Covering all stages of the data science value chain, UBC’s Okanagan campus Master of Data Science program prepares graduates to thrive in one of the world’s most in-demand fields. Over 10 months, you’ll learn how to extract and analyze data in all its forms, how to turn data into knowledge, and how to clearly communicate your recommendations to decision-makers.
Highlights Across All MDS Programs:
- 10-month, full-time, accelerated program offers a short-term commitment for long-term gain
- Condensed one-credit courses allow for in-depth focus on a limited set of topics at one time
- Capstone project gives students an opportunity to apply their skills
- Real-world data sets are integrated in all courses to provide practical experience across a range of domains
Highlights Specific To Okanagan Campus Option:
- Curriculum is designed by computer science and statistics experts, emphasizing optimization and statistics with a focus on operations research
- Courses are taught by renowned computer science and statistics faculty, giving students access to experts across a broad skill set
- With a cohort limited to 40 students, this program offers a collaborative and intimate learning environment with focus on student success
- The Okanagan campus offers students the opportunity to study at a top 40 university in a smaller setting, situated in a diverse region of natural beauty, and bordering the city of Kelowna, a hub of economic development
- The Okanagan region hosts 2,000 tech start-ups, providing networking and employment opportunities
- Fluency with both open source software and commercial software, including Tableau and Microsoft products (Excel, Azure, SQL Server).

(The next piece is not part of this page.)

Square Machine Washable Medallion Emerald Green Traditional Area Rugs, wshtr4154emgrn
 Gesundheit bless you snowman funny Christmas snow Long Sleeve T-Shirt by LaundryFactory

The program structure includes 24 one-credit courses offered in four-week segments. Courses are lab-oriented and delivered in-person with some blended online content.
At the end of the six segments, an eight-week capstone project is also included, allowing students to apply their newly acquired knowledge, while working alongside other students with real-life data sets.
Fall: September - December
Block 1 (4 weeks)
Programming in R and Python including iteration, decisions, functions, data structures, and libraries that are important for data exploration and analysis.
Installation and configuration of data science software. Advanced data analysis using Excel. Analysis of data using libraries in R, Python, and cloud services.
Command line scripting including bash and Linux/Unix. Reporting and visualization.
Pseudorandom number generation, testing and transformation to other discrete and continuous data types. Introduction to Poisson processes and the simulation of data from predictive models, as well as temporal and spatial models.
Block 2 (4 weeks)
Introduction to regression for Data Science, including: simple linear regression, multiple linear regression, interactions, mixed variable types, model assessment, simple variable selection, k-nearest-neighbours regression.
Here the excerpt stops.